── RECORD EXCERPTS

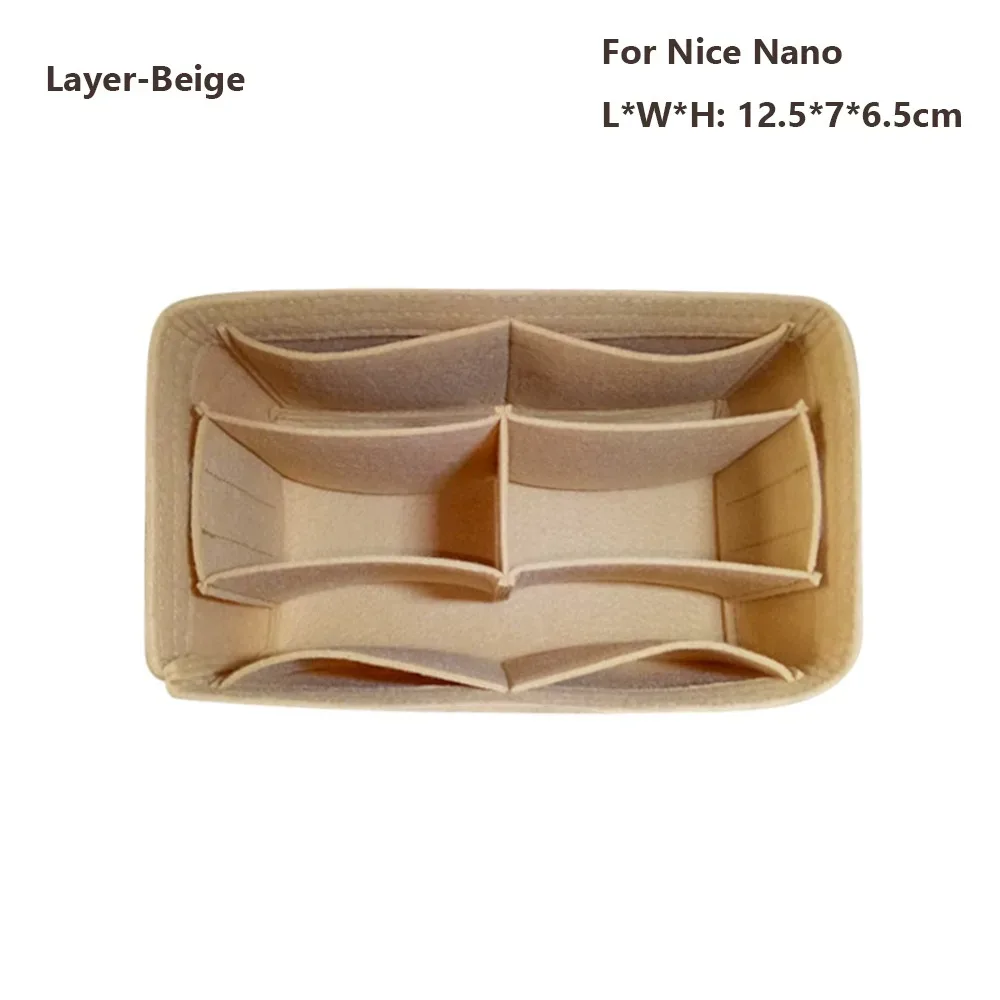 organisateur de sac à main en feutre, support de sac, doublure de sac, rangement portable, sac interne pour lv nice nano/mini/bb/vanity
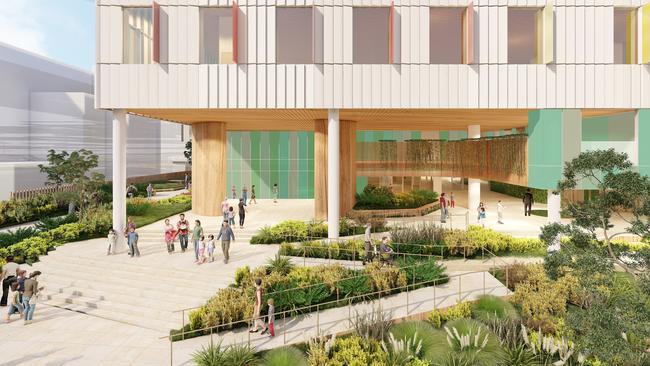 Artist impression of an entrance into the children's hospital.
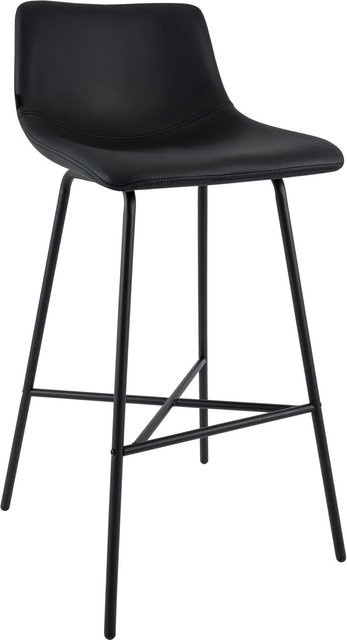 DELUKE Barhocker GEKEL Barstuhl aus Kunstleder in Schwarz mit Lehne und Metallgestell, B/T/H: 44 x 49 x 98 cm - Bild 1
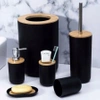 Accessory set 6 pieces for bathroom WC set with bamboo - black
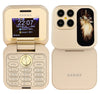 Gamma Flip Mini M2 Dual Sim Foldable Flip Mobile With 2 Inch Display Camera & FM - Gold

────
── RECORD EXCERPTS

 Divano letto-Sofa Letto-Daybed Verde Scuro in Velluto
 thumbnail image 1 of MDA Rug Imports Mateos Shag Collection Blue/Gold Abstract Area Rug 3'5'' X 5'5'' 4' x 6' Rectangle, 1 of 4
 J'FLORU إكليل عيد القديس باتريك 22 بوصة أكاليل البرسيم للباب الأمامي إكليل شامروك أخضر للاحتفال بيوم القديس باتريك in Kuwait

────

PROBLEM TO SOLVE:
In the material above, locate the line containing "Divano letto-Sofa Letto-Daybed" and the line containing "J'FLORU إكليل عيد". Transcribe exactly those two lines and every line between them, and nothing more.

OUTPUT OF THE TASK:
 Divano letto-Sofa Letto-Daybed Verde Scuro in Velluto
 thumbnail image 1 of MDA Rug Imports Mateos Shag Collection Blue/Gold Abstract Area Rug 3'5'' X 5'5'' 4' x 6' Rectangle, 1 of 4
 J'FLORU إكليل عيد القديس باتريك 22 بوصة أكاليل البرسيم للباب الأمامي إكليل شامروك أخضر للاحتفال بيوم القديس باتريك in Kuwait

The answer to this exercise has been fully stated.